Remember how you were told that you “couldn’t lose”? Well, technically, that’s true; you don’t lose any of the money you paid as your deposit. But when the market increases by, say, as much as 20 percent then you are going to have to pay upwards of another $150,000 to buy the same property in today’s market. There have been cases where buyers were forced to pay as much as $250,000 extra because of the Sunset Clause. Well, not really “forced” because they can always walk away and rent for a few more years. But if they want to stay in the property market, they have no choice – take it or leave it, that’s the smirking offer from the rat-cunning developers and their morally bankrupt lawyers. If that’s not a loss in reality, then tell me what is a loss?!
Of course, if the property had gone down in value, you can be sure that the developer would have completed the apartments on time, thereby forcing the buyers to go ahead.
So, you see how it works? It’s a classic case of heads they win and tails you lose. A lose/lose no matter what happens to the market.
The message here is clear. And oh-so simple. If you must buy a property off-the-plan, always insist on using your own lawyer(and try and find a good one, preferably one recommended by a trusted friend or family member). Get the lawyer to check the fine print thoroughly – and pay special attention to that rat-cunning Sunset Clause. Your lawyer can remove those ‘rat’ clauses and amend as many of the conditions as you request.

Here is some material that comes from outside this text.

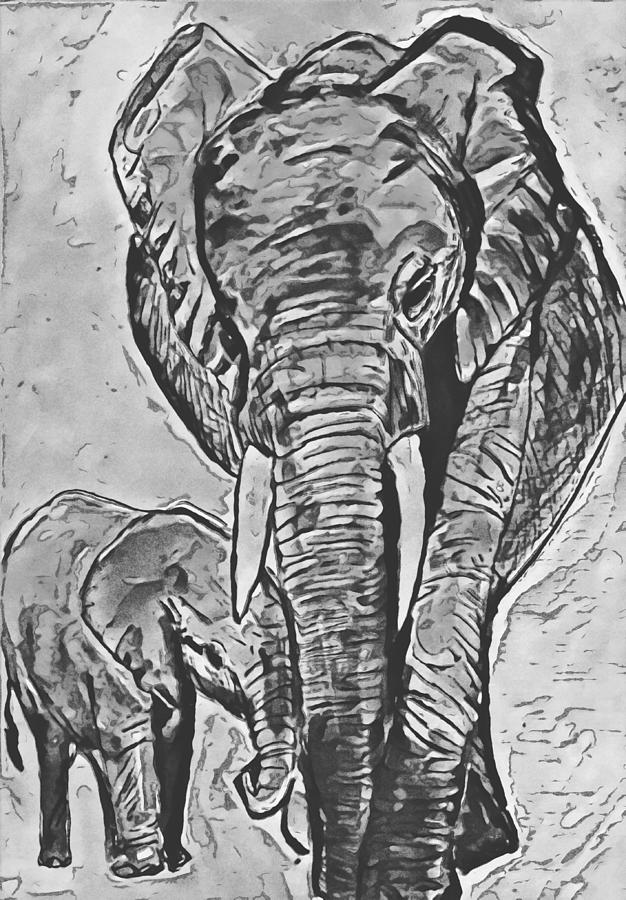 Elephant Stroll 2 Mixed Media by Eileen Backman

And, one final tip: Developers have a dreadful habit of saying that some method or condition (including the price) is their “policy” and is not open to negotiation. Well, that’s mostly a monumental bluff. Always remember that you are the buyer, you have the money. And the person with the money is the person who is supposed to dictate the terms. Stand firm and if you can’t get a fair deal for yourself at the start, go elsewhere and find another more honest and reputable developer. Good developers, good projects and good lawyers do exist. You don’t have to get involved with the dodgy brigade. Okay?
You have been warned.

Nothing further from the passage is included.